Non-parametric classification Flashcards
Difference between parametric and non-parametric models
Parametric model:
a model parametrization is assumed, and the data are used to find the best value of the parameters
Non-parametric model:
No structure is assumed for the hypothesis set; classification is obtained by other criteria, for example similarities among data
Why is non-parametric classification useful?
Sometimes, data are not linearly separable, so linear classification can’t be used; moreover, finding a non-linear transform may be difficult.

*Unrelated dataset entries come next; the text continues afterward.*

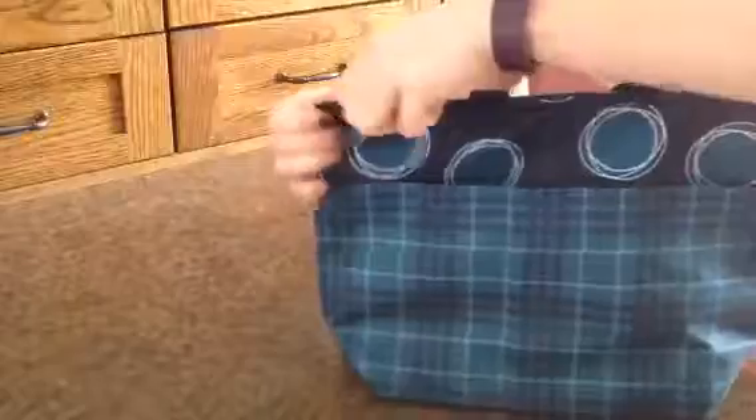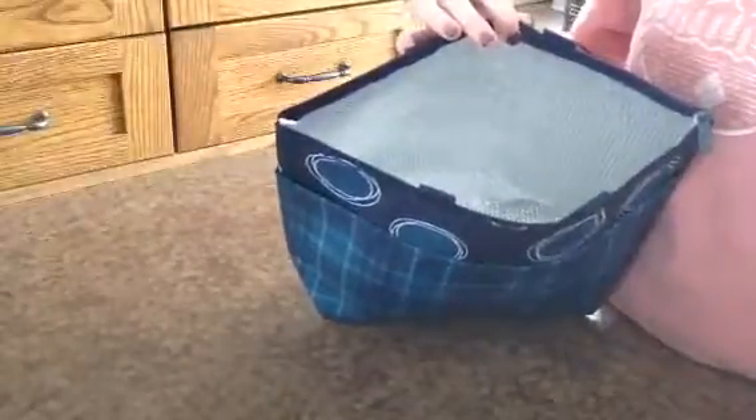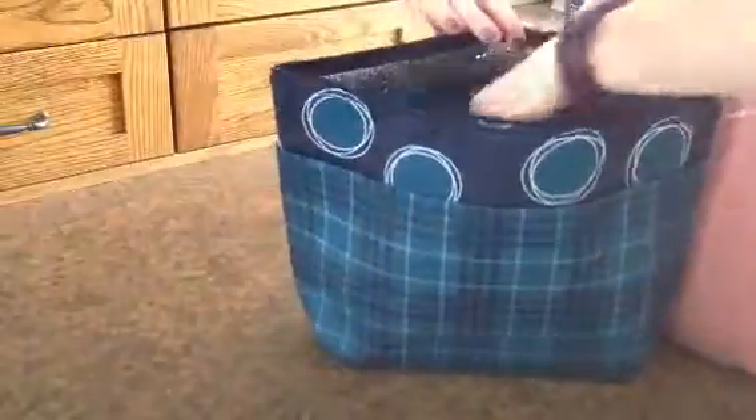This is the thermal tote — it's a little bit smaller, still has a pocket, zip closure, and thermal lining. We'll see how these fit in here — it's taller,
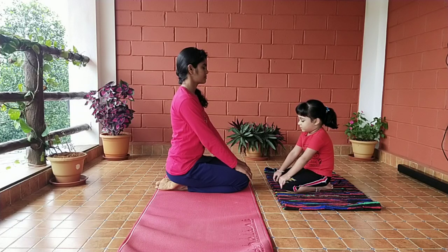You can practice this asana for about 30 minutes to 60 minutes.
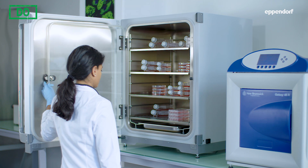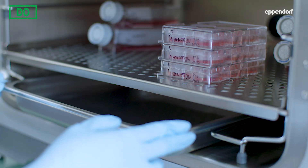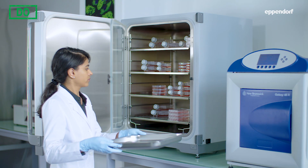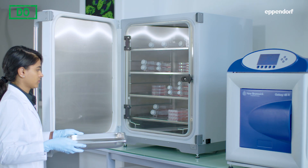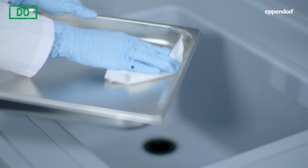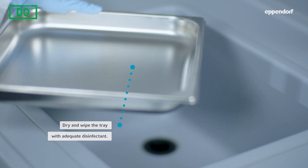To ensure that potential contaminants are removed regularly, the water reservoir must be removed, emptied, dried and disinfected. If the water reservoir is fixed inside the incubator, make sure the drain valve is also cleaned and avoid prolonged door opening.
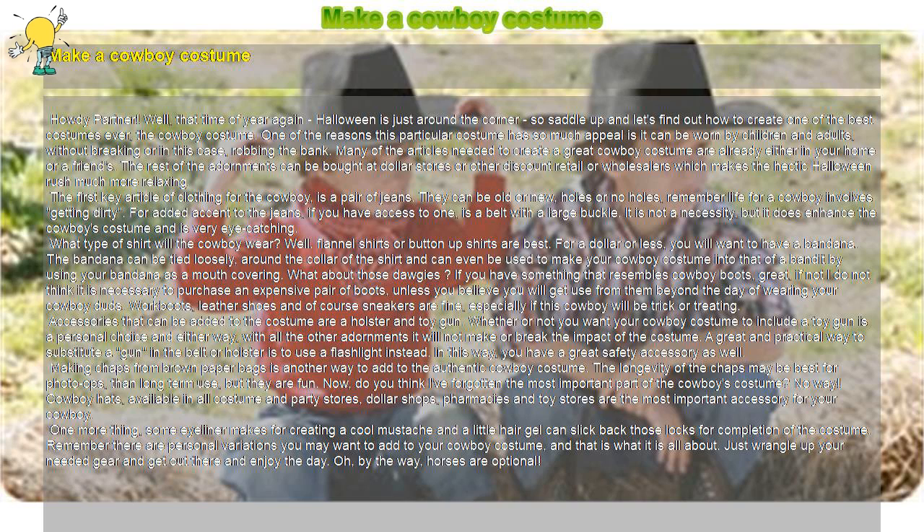What type of shirt will the cowboy wear? Well, flannel shirts or button-up shirts are best. For a dollar or less, you will want to have a bandana. The bandana can be tied loosely around the collar of the shirt, and can even be used to make your cowboy costume into that of a bandit by using it as a mouth covering.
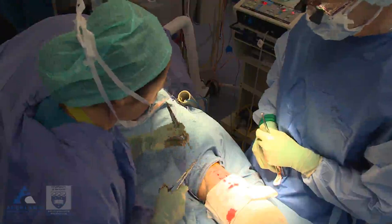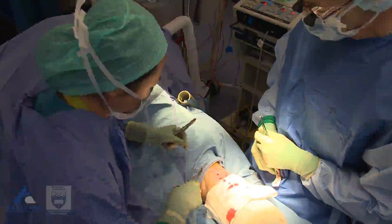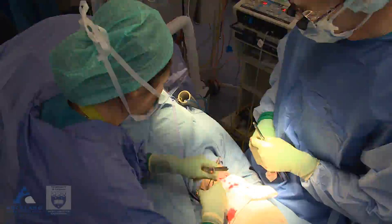Pull that through. And then two throws. That's right. Pull that through. That's good, that's perfect. Well done. You've thrown that so that the knot is going down in the line of the wound. Very good.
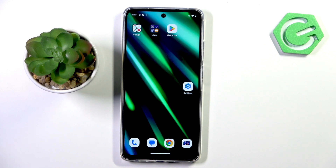Good morning guys. I have a Motorola Moto G86 and let me show you how to add a fingerprint to this device.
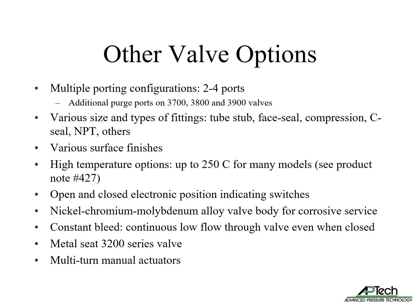There are many common valve options that can be chosen for most of our valves. Multiple porting options of two to four ports allow for a reduced number of components. We offer various sizes and types of fittings, including tube stub, face seal, compression, C-seal, NPT, and others. There are several surface finishes offered. We offer many valves with high temperature options up to 250°C — see product note number 427 for details. Most valves can be ordered with open and closed electronic position indicating switches. For very corrosive gases, we offer nickel-chromium-molybdenum alloy valve bodies. The constant bleed option allows continuous flow through the valve even when closed, and the 3200 series offers metal seats for specialty applications. We also offer multi-turn manual actuators.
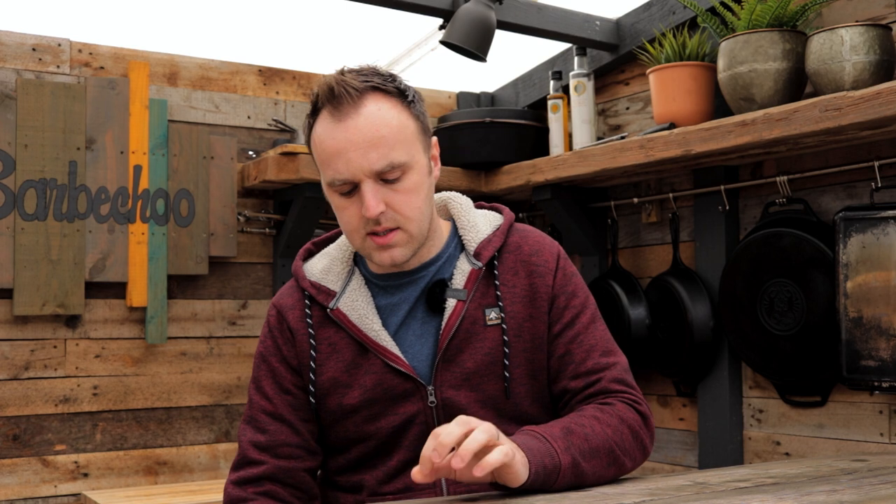Do you ever have one of those cooks where from the moment you start, things just go horribly wrong? I've had a few of them in the past, and I was shooting a video for this very channel where everything that could have possibly gone wrong went wrong on that cook. I thought I'd tell you about it, just so you know that things don't always go to plan and it is okay to make a complete mess of a cook.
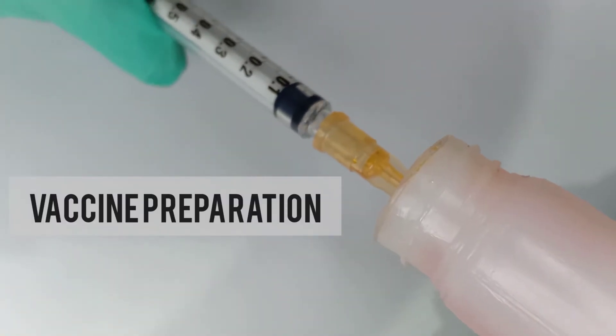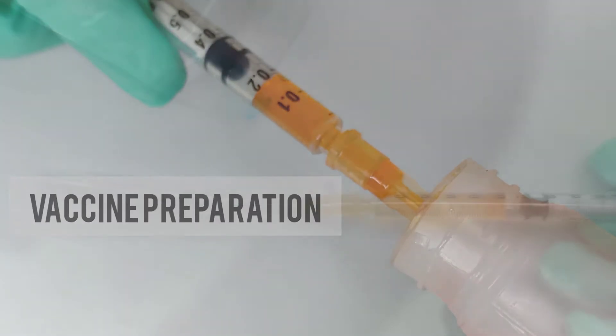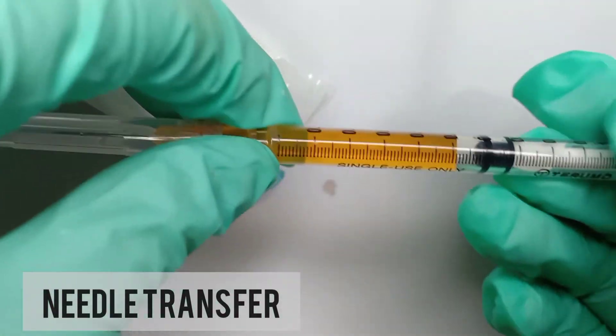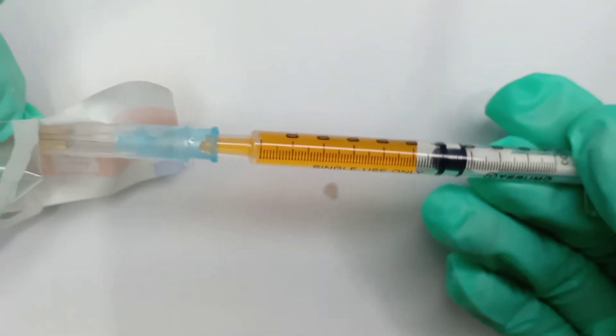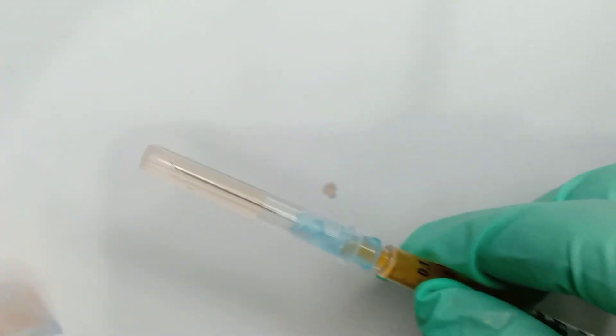Draw up 0.5 ml of vaccine in a slanting position where the vaccine is slightly higher than the needle. Close the needle with its cover, detach it, and attach a 23 to 25 gauge needle to the syringe. Make sure that it is intact and firm.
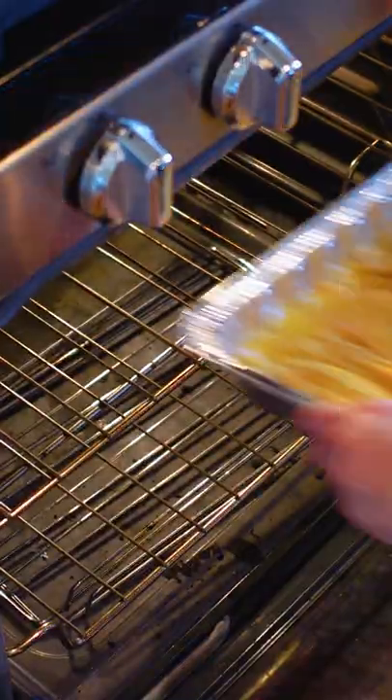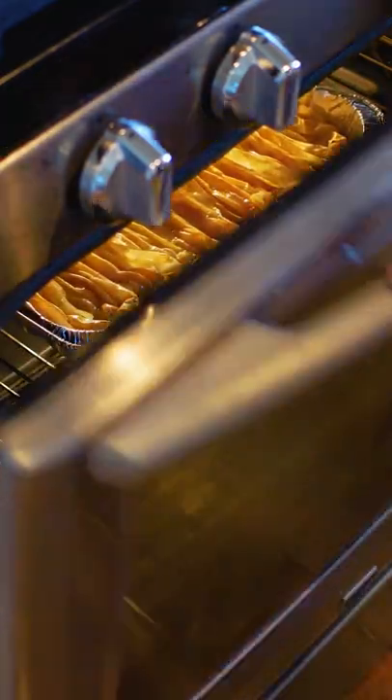Now we'll fix the custard. This will be one cup of milk, two eggs, one cup sugar, and a splash of vanilla. Whisk that well, then pour over top. Bake this off for another 30 to 40 minutes until golden and crispy.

In this cases, a non-parametric model can be used for classification.
Nearest neighbor: rule
given a dataset
{(x1,y1),…,(xN,yN)}
where yn = +-1 for any n
to classify a new point x, find the nearest point to x in the dataset and apply its label to x*.
This simple method gives a Voronoi tessellation the regressor space, that is much more complex that the linear division given by the perceptron.
How to define a measure of distance between points
Euclidean distance:
d(x, x’) = || x - x’ ||
Weighted Euclidean distance:
d(x, x’) = (x - x’)’ Q (x - x’)
Cosine similarity:
d(x, x’) = cosim(x, x’) = x x’ / ( ||x|| * ||x’|| )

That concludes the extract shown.